As a functioning democracy with an independent judiciary and a constitutional commitment to the protection of civil and minority rights and as an emerging power that hopes to play a global role,[1] it would be reasonable to surmise that India would readily embrace the emerging norm of the Responsibility to Protect (R2P).[2] Furthermore, long before the emergence of this principle, India had not shied away from both promoting and justifying humanitarian intervention. It is a little known fact that India actually prompted the United Kingdom to militarily intervene in Rhodesia against the White minority regime of Ian Smith.[3] Later, when faced with an intolerable refugee burden in the wake of the East Pakistan crisis, India chose to militarily intervene on ostensibly humanitarian grounds. More recently, during the Sri Lankan civil war, India provided humanitarian assistance to the beleaguered Tamil population despite the express objections of the Sri Lankan government about the violation of the country’s sovereignty.[4] Finally, India should also prove sympathetic to this emerging norm because it has been one of the leading exponents of international peacekeeping, a major contributor to United Nations (UN) peacekeeping operations and also has a self-image as a good international citizen concerned about duties beyond its borders.[5]

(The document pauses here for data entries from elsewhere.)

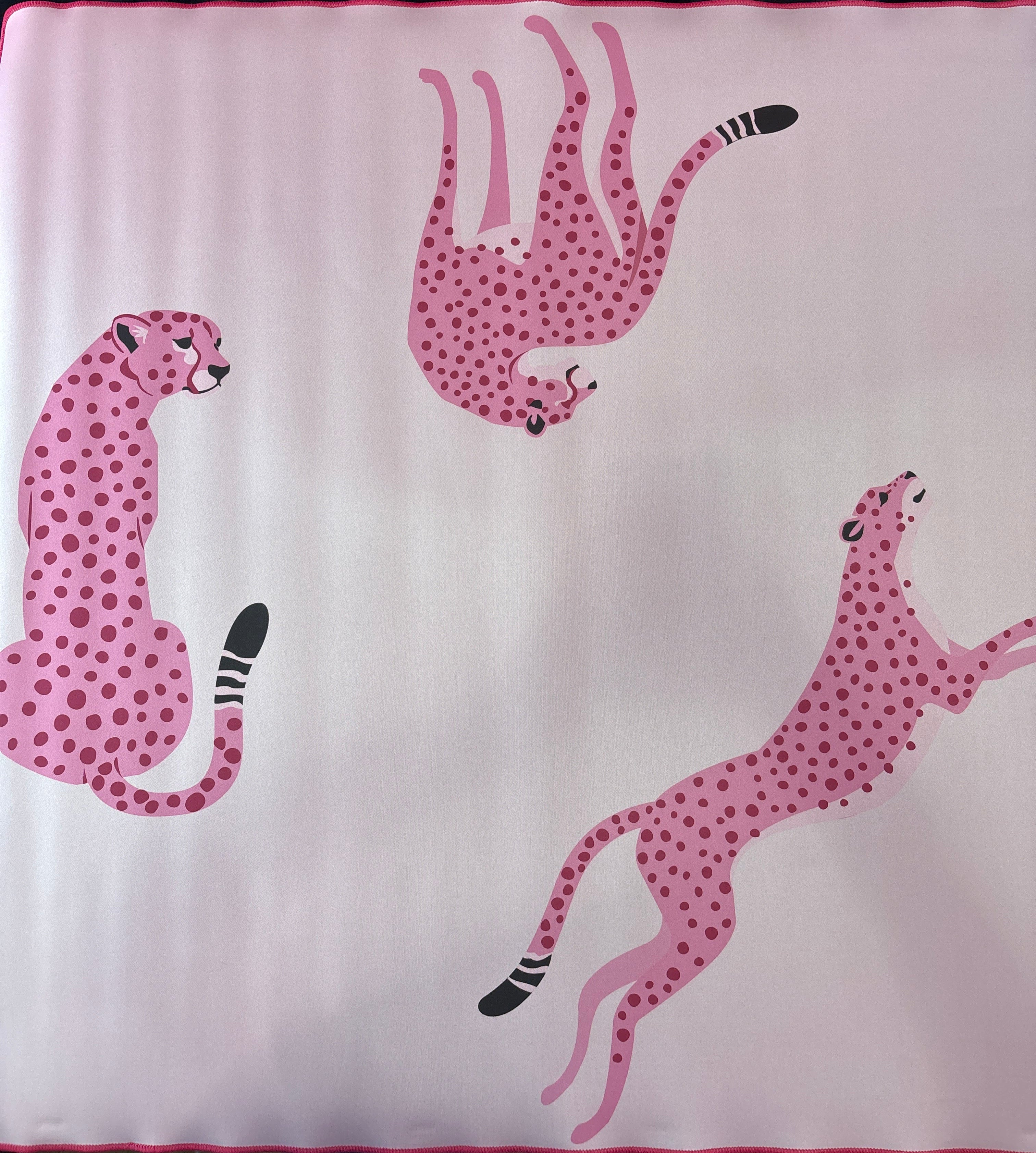 Pink Cheetah Bespoke Mahjong Mat
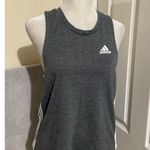 Adidas Tank Top Womens Small Gray AEROREADY Primegreen 3-Stripes Athletic Gym Photo 0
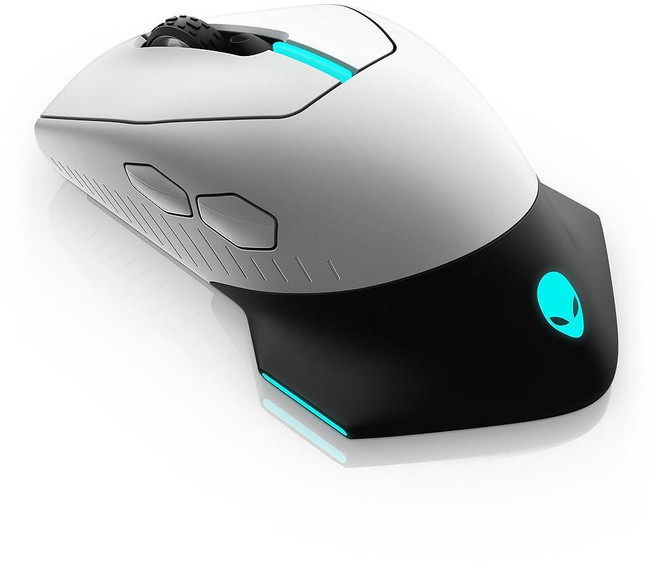 Alienware 유선/무선 게이밍 마우스 610M-라이트 루나 라이트, AW610M, AW610M - Lunar light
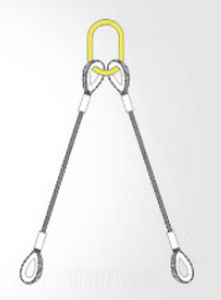 Eslinga de cable - Gunnebo Industrier AB - de acero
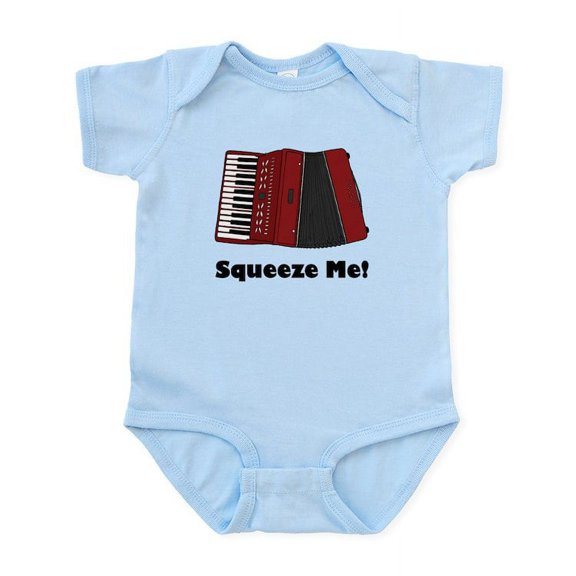 CafePress - Accordion Squeeze Box Infant Bodysuit - Baby Light Bodysuit, Size Newborn - 24 Months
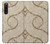 W3703 Mosaic Tiles Hülle Schutzhülle Taschen und Leder Flip für Sony Xperia 10 V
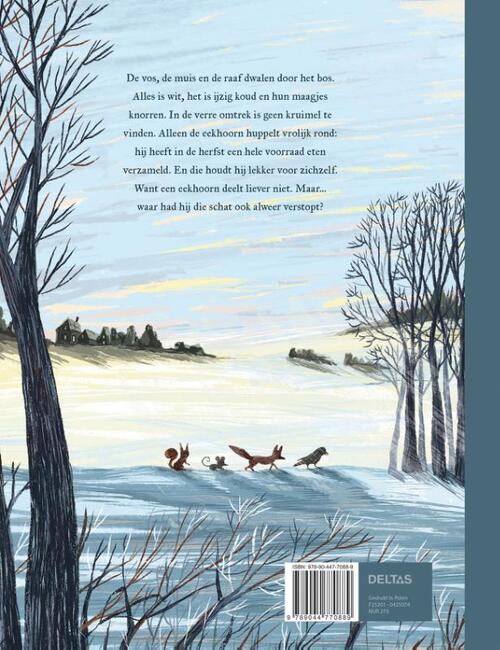 Op een koude winterdag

Despite its domestic political arrangements and commitments and its past history, its policymakers have been resistant to wholeheartedly supporting this nascent principle. What explains India’s reticence to show greater support for this norm?

This article will argue that India’s unwillingness to enthusiastically endorse this principle (and especially its third pillar) stems from a number of sources. To that end, it will briefly review India’s past support and rationale for humanitarian intervention, examine its record on the issue of the R2P in a number of recent regional crises, address its positions on the Libyan and Syrian crises, discuss the stated and underlying reasons for the country’s reluctance to back the norm, briefly deal with its reluctance to join the International Criminal Court (ICC), and proffer some ideas about how the country’s position may evolve in the future.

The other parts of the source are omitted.